WHAT THE EXERCISE ASKS
Drop all pictures and repeat exactly the lines from the line holding "Hello everyone and" through the end of the records.

+ + + + + + +

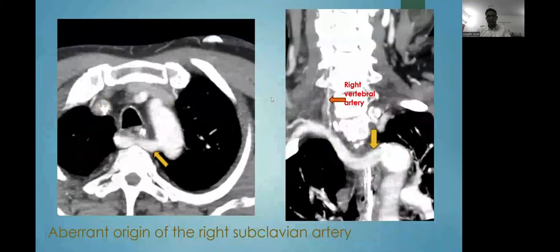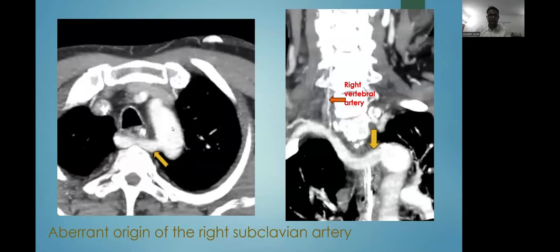The third case is the variant origin of the right subclavian artery, marked in yellow, in which the right subclavian artery arises from the distal aspect of the aortic arch. We also see the right vertebral artery arising from this variant right subclavian artery in the coronal section.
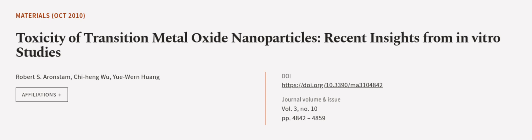This article was authored by Robert S. Aronstam, Chi-Hing Wu, and Yue-Wen Huang. We are article.tv, links in the description below.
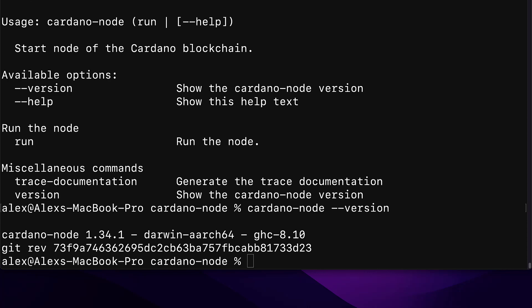Hello everyone and welcome back. Previously we installed the Cardano command line interface and the Cardano node on our computer. In this section we're going to learn how to generate and fund a Cardano wallet with the command line interface. To get started we're going to set our Cardano node socket path, so join me in your terminal and we'll get started.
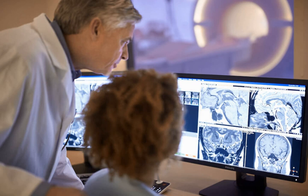Radiology is the medical specialty that uses medical imaging to diagnose and treat diseases within the human body. A variety of imaging techniques such as X-ray radiography, ultrasound, computed tomography (CT), and nuclear medicine including positron emission tomography (PET) are used to diagnose or treat diseases.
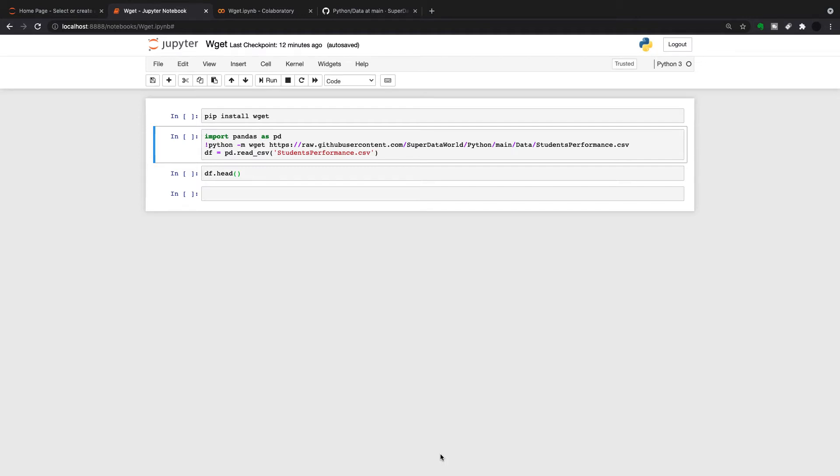For this week's short, I'm going to talk about WGET. So WGET is a way to get files into your Jupyter Notebooks or your Google Colab. And it's super simple, especially if you're giving your Colab or your Jupyter Notebook to somebody else. You don't have to send them the file with it. You can store the file somewhere like GitHub, and then they can go and get the file.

+ + + + + + +

COMPLETED TASK
Hello everyone and welcome back. Previously we installed the Cardano command line interface and the Cardano node on our computer. In this section we're going to learn how to generate and fund a Cardano wallet with the command line interface. To get started we're going to set our Cardano node socket path, so join me in your terminal and we'll get started.
Radiology is the medical specialty that uses medical imaging to diagnose and treat diseases within the human body. A variety of imaging techniques such as X-ray radiography, ultrasound, computed tomography (CT), and nuclear medicine including positron emission tomography (PET) are used to diagnose or treat diseases.
For this week's short, I'm going to talk about WGET. So WGET is a way to get files into your Jupyter Notebooks or your Google Colab. And it's super simple, especially if you're giving your Colab or your Jupyter Notebook to somebody else. You don't have to send them the file with it. You can store the file somewhere like GitHub, and then they can go and get the file.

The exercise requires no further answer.